Data:

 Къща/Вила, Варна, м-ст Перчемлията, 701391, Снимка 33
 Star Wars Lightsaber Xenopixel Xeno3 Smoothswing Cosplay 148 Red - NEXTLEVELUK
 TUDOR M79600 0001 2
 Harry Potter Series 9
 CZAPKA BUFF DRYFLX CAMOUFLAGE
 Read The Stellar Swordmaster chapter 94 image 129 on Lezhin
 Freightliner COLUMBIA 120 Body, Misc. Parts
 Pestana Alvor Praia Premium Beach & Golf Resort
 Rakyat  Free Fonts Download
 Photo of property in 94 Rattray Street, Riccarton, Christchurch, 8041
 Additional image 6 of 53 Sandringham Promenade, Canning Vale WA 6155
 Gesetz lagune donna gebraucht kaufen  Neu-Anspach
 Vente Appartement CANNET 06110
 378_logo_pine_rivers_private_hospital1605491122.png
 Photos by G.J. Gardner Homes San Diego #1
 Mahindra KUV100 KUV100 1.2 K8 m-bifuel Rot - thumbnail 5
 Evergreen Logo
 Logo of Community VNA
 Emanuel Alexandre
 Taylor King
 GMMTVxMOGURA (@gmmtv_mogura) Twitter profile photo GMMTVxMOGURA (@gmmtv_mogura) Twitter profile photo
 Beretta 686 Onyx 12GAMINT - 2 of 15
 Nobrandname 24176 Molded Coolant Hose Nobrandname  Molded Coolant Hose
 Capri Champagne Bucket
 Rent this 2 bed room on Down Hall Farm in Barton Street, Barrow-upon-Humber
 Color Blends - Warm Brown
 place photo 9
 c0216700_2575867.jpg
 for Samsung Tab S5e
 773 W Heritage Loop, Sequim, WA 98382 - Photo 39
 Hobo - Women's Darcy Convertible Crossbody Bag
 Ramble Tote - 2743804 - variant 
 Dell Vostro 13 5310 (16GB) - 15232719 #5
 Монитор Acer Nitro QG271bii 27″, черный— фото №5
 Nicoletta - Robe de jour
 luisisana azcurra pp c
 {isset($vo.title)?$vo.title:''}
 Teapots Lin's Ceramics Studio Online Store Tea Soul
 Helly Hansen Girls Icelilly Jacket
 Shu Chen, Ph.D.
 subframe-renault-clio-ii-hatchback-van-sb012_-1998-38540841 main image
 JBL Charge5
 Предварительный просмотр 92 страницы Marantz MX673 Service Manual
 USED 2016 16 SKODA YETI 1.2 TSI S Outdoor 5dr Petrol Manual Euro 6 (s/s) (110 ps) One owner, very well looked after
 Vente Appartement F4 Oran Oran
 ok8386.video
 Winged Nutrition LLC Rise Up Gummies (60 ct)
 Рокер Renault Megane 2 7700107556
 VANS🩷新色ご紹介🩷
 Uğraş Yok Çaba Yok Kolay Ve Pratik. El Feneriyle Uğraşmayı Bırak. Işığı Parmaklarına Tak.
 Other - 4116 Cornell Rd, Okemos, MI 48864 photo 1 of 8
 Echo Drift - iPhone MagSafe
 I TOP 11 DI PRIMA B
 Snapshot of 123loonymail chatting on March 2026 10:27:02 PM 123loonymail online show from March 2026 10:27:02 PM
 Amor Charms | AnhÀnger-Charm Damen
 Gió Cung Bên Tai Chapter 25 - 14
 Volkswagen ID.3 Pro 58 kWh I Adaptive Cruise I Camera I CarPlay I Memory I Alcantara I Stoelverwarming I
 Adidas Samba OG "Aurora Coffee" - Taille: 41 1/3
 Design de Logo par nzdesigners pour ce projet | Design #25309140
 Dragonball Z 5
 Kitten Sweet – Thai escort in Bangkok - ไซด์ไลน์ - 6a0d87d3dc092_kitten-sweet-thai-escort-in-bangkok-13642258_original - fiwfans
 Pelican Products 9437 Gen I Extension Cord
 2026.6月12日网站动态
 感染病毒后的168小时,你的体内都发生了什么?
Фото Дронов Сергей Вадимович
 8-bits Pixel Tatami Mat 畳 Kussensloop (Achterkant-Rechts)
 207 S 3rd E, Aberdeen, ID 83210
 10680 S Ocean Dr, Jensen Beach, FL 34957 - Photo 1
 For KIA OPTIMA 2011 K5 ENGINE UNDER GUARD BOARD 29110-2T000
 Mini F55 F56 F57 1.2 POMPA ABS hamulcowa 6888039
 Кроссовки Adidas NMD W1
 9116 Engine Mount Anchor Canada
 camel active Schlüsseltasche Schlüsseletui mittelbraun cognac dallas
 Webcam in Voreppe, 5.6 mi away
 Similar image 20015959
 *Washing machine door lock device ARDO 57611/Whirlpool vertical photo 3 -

Problem description: Repeat exactly, please, each line from the beginning of the data through the line with "Предварительный просмотр 92" in it, and only those lines.

Response area:
 Къща/Вила, Варна, м-ст Перчемлията, 701391, Снимка 33
 Star Wars Lightsaber Xenopixel Xeno3 Smoothswing Cosplay 148 Red - NEXTLEVELUK
 TUDOR M79600 0001 2
 Harry Potter Series 9
 CZAPKA BUFF DRYFLX CAMOUFLAGE
 Read The Stellar Swordmaster chapter 94 image 129 on Lezhin
 Freightliner COLUMBIA 120 Body, Misc. Parts
 Pestana Alvor Praia Premium Beach & Golf Resort
 Rakyat  Free Fonts Download
 Photo of property in 94 Rattray Street, Riccarton, Christchurch, 8041
 Additional image 6 of 53 Sandringham Promenade, Canning Vale WA 6155
 Gesetz lagune donna gebraucht kaufen  Neu-Anspach
 Vente Appartement CANNET 06110
 378_logo_pine_rivers_private_hospital1605491122.png
 Photos by G.J. Gardner Homes San Diego #1
 Mahindra KUV100 KUV100 1.2 K8 m-bifuel Rot - thumbnail 5
 Evergreen Logo
 Logo of Community VNA
 Emanuel Alexandre
 Taylor King
 GMMTVxMOGURA (@gmmtv_mogura) Twitter profile photo GMMTVxMOGURA (@gmmtv_mogura) Twitter profile photo
 Beretta 686 Onyx 12GAMINT - 2 of 15
 Nobrandname 24176 Molded Coolant Hose Nobrandname  Molded Coolant Hose
 Capri Champagne Bucket
 Rent this 2 bed room on Down Hall Farm in Barton Street, Barrow-upon-Humber
 Color Blends - Warm Brown
 place photo 9
 c0216700_2575867.jpg
 for Samsung Tab S5e
 773 W Heritage Loop, Sequim, WA 98382 - Photo 39
 Hobo - Women's Darcy Convertible Crossbody Bag
 Ramble Tote - 2743804 - variant 
 Dell Vostro 13 5310 (16GB) - 15232719 #5
 Монитор Acer Nitro QG271bii 27″, черный— фото №5
 Nicoletta - Robe de jour
 luisisana azcurra pp c
 {isset($vo.title)?$vo.title:''}
 Teapots Lin's Ceramics Studio Online Store Tea Soul
 Helly Hansen Girls Icelilly Jacket
 Shu Chen, Ph.D.
 subframe-renault-clio-ii-hatchback-van-sb012_-1998-38540841 main image
 JBL Charge5
 Предварительный просмотр 92 страницы Marantz MX673 Service Manual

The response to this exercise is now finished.